[Exercise material Boundary: Start]

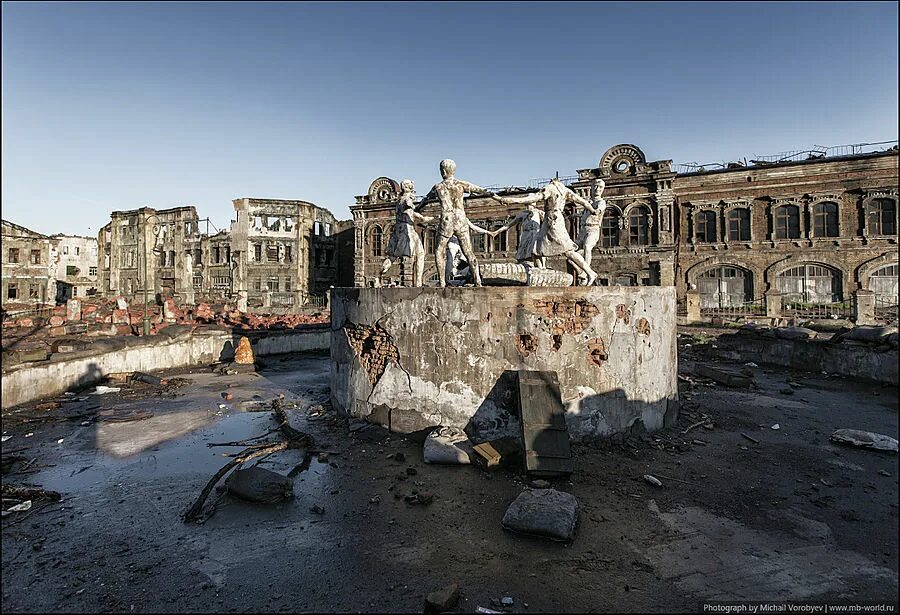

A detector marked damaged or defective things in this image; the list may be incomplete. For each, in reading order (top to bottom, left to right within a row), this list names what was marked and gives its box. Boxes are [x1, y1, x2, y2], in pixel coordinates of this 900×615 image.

broken wall [328, 286, 676, 440]
broken concrete slab [426, 426, 474, 464]
broken concrete slab [832, 430, 896, 454]
broken concrete slab [502, 488, 580, 540]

[Exercise material Boundary: End]

**Task statement**. Print the records exactly, every one. Leave out the pictures.

**Exercise response**.
A detector marked damaged or defective things in this image; the list may be incomplete. For each, in reading order (top to bottom, left to right within a row), this list names what was marked and gives its box. Boxes are [x1, y1, x2, y2], in pixel coordinates of this 900×615 image.

broken wall [328, 286, 676, 440]
broken concrete slab [426, 426, 474, 464]
broken concrete slab [832, 430, 896, 454]
broken concrete slab [502, 488, 580, 540]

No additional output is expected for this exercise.